Set the log level to TRACE, and am not seeing any acticity when I manually update the log files or hit app endpoints. File watch is alive though:

logstash_1       | [2019-01-29T18:45:55,067][DEBUG][logstash.instrument.periodicpoller.jvm] collector name {:name=>"ParNew"}
logstash_1       | [2019-01-29T18:45:55,068][DEBUG][logstash.instrument.periodicpoller.jvm] collector name {:name=>"ConcurrentMarkSweep"}
logstash_1       | [2019-01-29T18:45:55,298][DEBUG][logstash.pipeline        ] Pushing flush onto pipeline {:pipeline_id=>"main", :thread=>"#<Thread:0x409ce054 sleep>"}
logstash_1       | [2019-01-29T18:45:59,527][TRACE][filewatch.discoverer     ] discover_files {"count"=>0}
logstash_1       | [2019-01-29T18:45:59,527][TRACE][filewatch.discoverer     ] discover_files {"count"=>0}
logstash_1       | [2019-01-29T18:45:59,528][TRACE][filewatch.discoverer     ] discover_files {"count"=>0}
logstash_1       | [2019-01-29T18:45:59,529][TRACE][filewatch.discoverer     ] discover_files {"count"=>0}

Is there anything glaringly missing from my config?

Thanks again for continuing to work with me.

It's not finding files that match the entries in the path array you supplied in your configuration.

            path => [
                "/Users/me/path/to/logs/appOne.log",
                "/Users/me/path/to/logs/appOneStackTrace.log",
                "/Users/me/path/to/logs/appTwo.log",
                "/Users/me/path/to/logs/appTwoStackTrace.log"
            ]

I would check the basics.
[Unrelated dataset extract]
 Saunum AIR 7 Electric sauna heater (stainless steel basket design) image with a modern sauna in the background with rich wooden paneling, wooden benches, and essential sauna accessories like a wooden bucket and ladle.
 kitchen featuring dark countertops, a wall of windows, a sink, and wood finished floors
Do an ls -l on each file as the user running logstash. Does the case in the path array entry match the case of the actual file?

I found the issue. Being able to netcat the host's log files in directly via TCP led me astray. I needed to map the local log files into the container. It was a docker noob issue. Thanks for sticking with me, though - your last question about the path entries is what cued me!

This topic was automatically closed 28 days after the last reply. New replies are no longer allowed.